Our Yelp Place API takes place_id parameter and forms a complete HTTP URL, for example, https://www.yelp.com/biz/synergy²-madison-3 where place_id is synergy²-madison-3. We then made the HTTP call to download the data, but this time it didn't work as expected. The response was always 301 - Moved Permanently. It might be wise to enable follow redirect in the http library (we are on version v4), but that would end up in EndlessRedirectError.

After digging through the library code, turns out that, http library normalizes the URL before requesting it for various reasons. Thus, https://www.yelp.com/biz/synergy²-madison-3 became https://www.yelp.com/biz/synergy2-madison-3 after normalization, it is no longer the same URL. Yelp is smart enough to redirect .../biz/synergy2-madison-3b back to .../biz/synergy²-madison-3, thus the 301 - Moved Permanently response and that also explains the EndlessRedirectError after we enabled follow redirect, because the http library will normalize again the URL to .../biz/synergy2-madison-3b before requesting.

http v5 uses a more conservative URL normalization and it resolves our issue, which Unicode character is percent-encoded .../biz/synergy%C2%B2-madison-3 instead of changing its meaning.

Underlying the http library is addressable where the actual normalization is done (we were on v2.7).

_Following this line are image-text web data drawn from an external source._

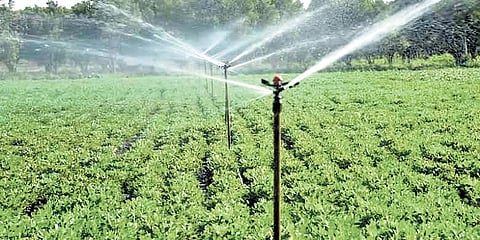 With this achievement, Andhra Pradesh has secured the first position at the national level in terms of area covered under micro irrigation for the year 2025-26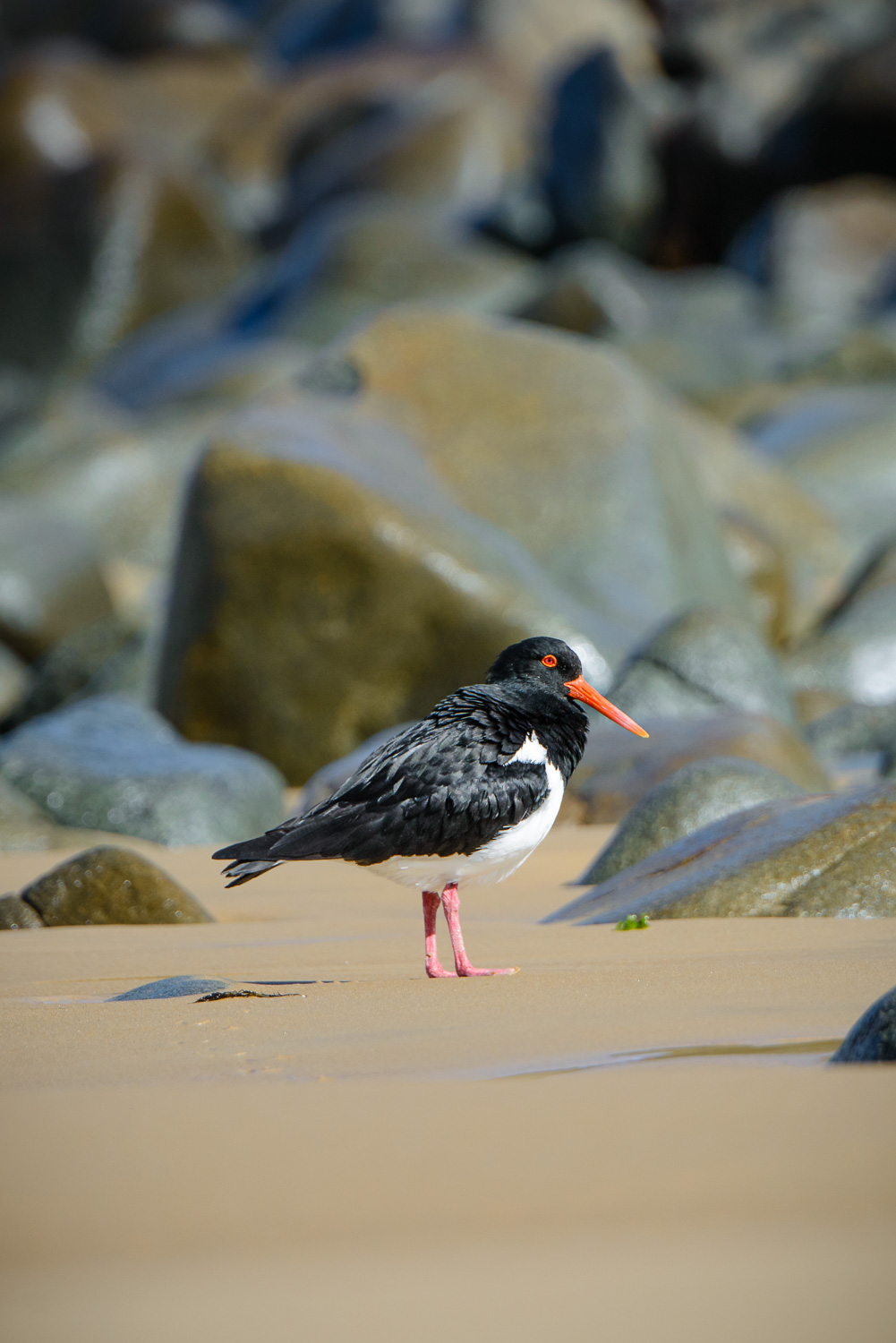 photograph of Pied oystercatcher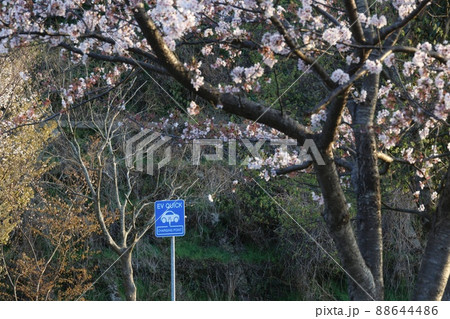 電気自動車の急速充電スポットの標識 88644486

The update that fixed our issue is on the version v2.8.2, it changed the encoding from NFKC to NFC. Here is the comparison between them:

Encoding synergy²-madison-3 in NFKCsynergy2-madison-3
Encoding synergy²-madison-3 in NFCsynergy²-madison-3

There is a lot of information about which encoding is used for URL normalization and the reasons behind them, I am not an expert so I can't share more about it. But clearly, using NFC resolved our issue. The final solution we went for is to upgrade addressable to the latest v2.8.6 as it only involves a single dependency upgrade.

Why is URI normalization needed?

There are a lot of reasons why normalization is important and this topic can get very complicated. As for Google, URI normalization can help to prevent duplicated content. If the same content is accessible via multiple URLs, it can dilute the page's ranking or lead to confusion about which version is the canonical one. URL normalization helps to prevent such duplication.

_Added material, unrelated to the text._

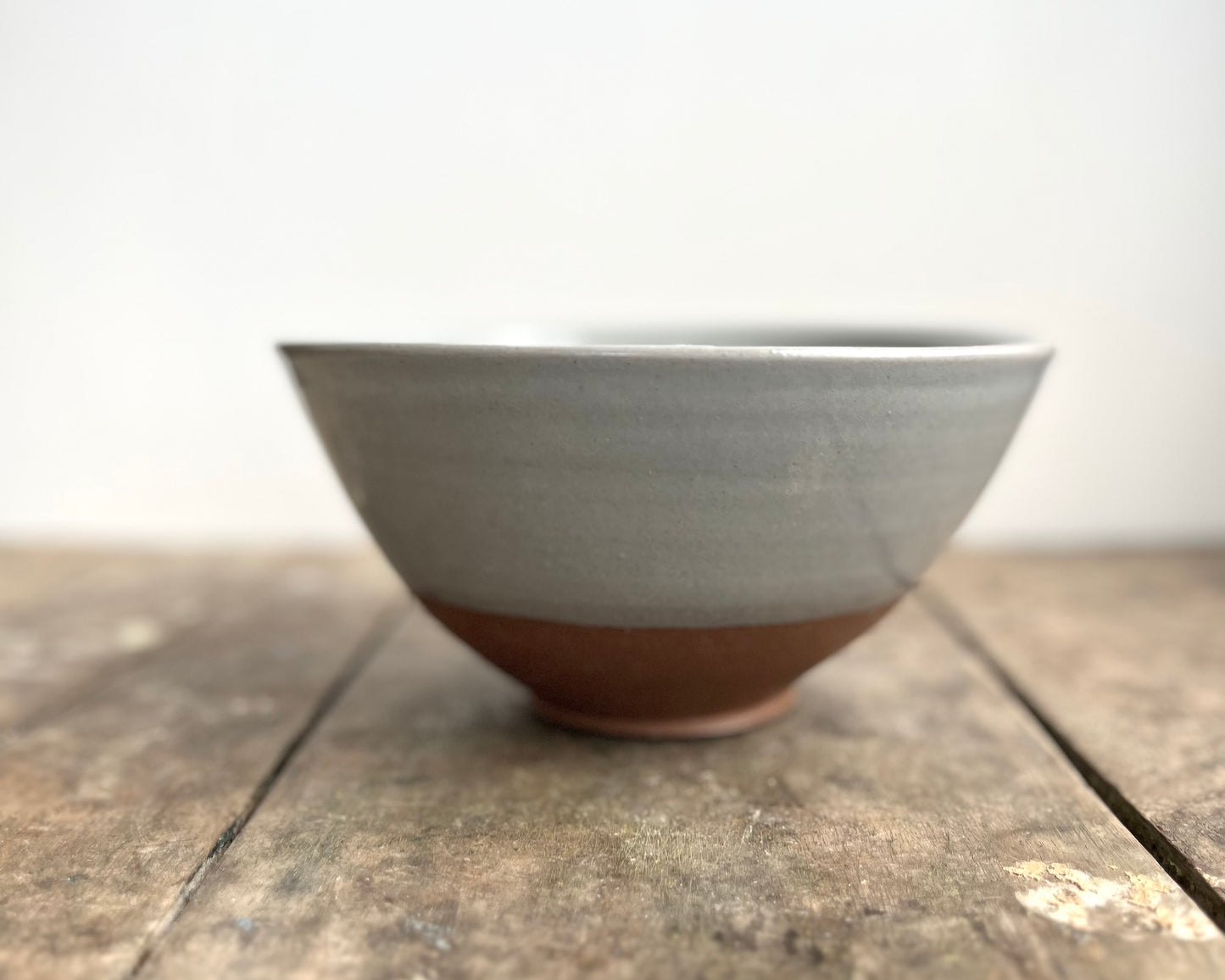 Parasaurolophus Noodle Bowl - blue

In terms of security, URI normalization prevents attacks set up by people with intention. URI normalization helps in identifying potential security vulnerabilities. Malicious actors might use variations of URIs to bypass security controls or deceive users. By normalizing URIs, it's easier to detect and block such attempts.

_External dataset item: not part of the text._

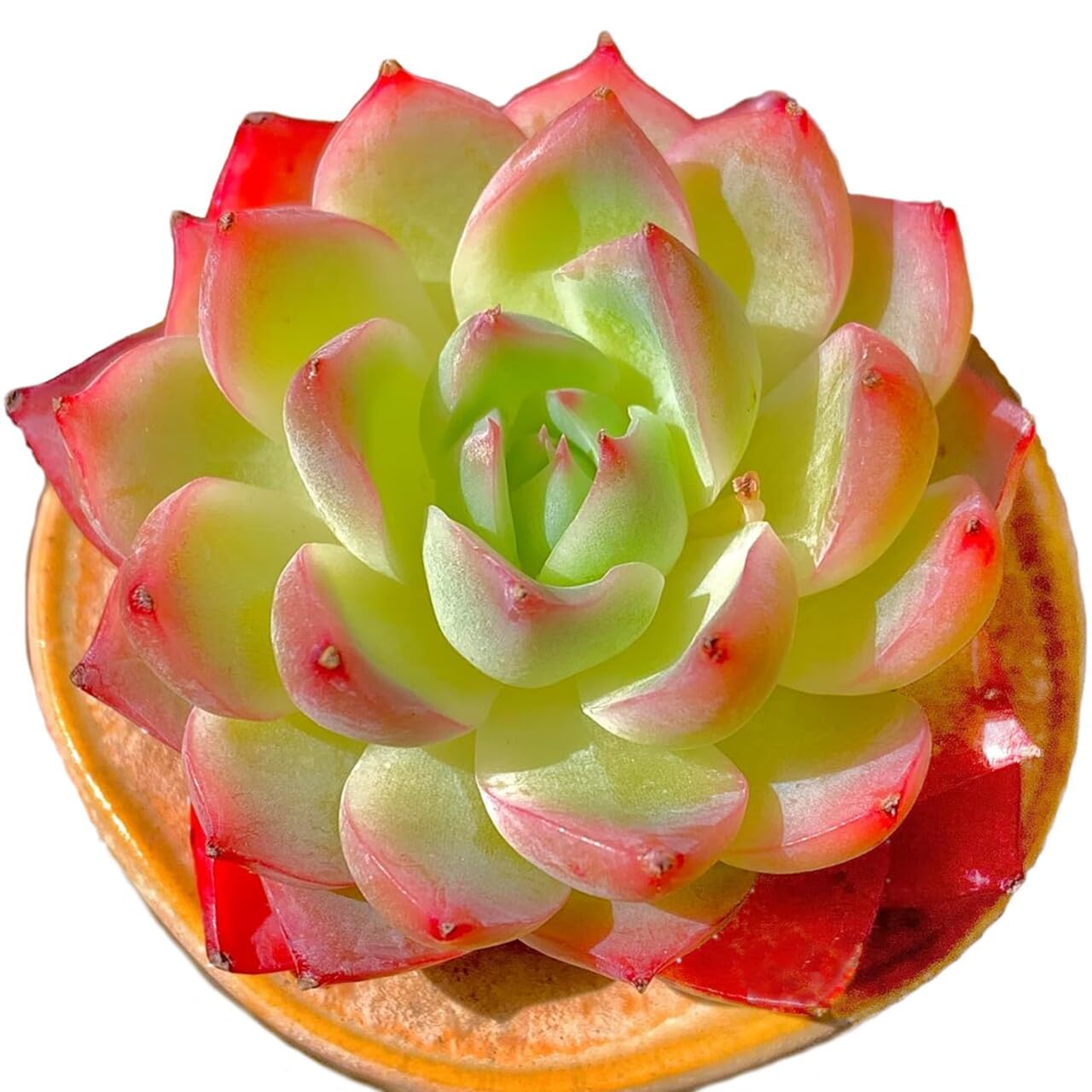 Echeveria Crystal Rose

Normalizing URIs can also help in efficient caching and storage. If multiple representations of the same resource are cached or stored separately, it can lead to the wastage of resources. Normalization ensures that only one canonical representation is used for a given resource.

Conclusion

It is interesting to get to know implementations like URL Normalization. It is something we might not often think about or even take for granted, but I believe it is one of the important building blocks of the web for security, efficiency, and other critical reasons.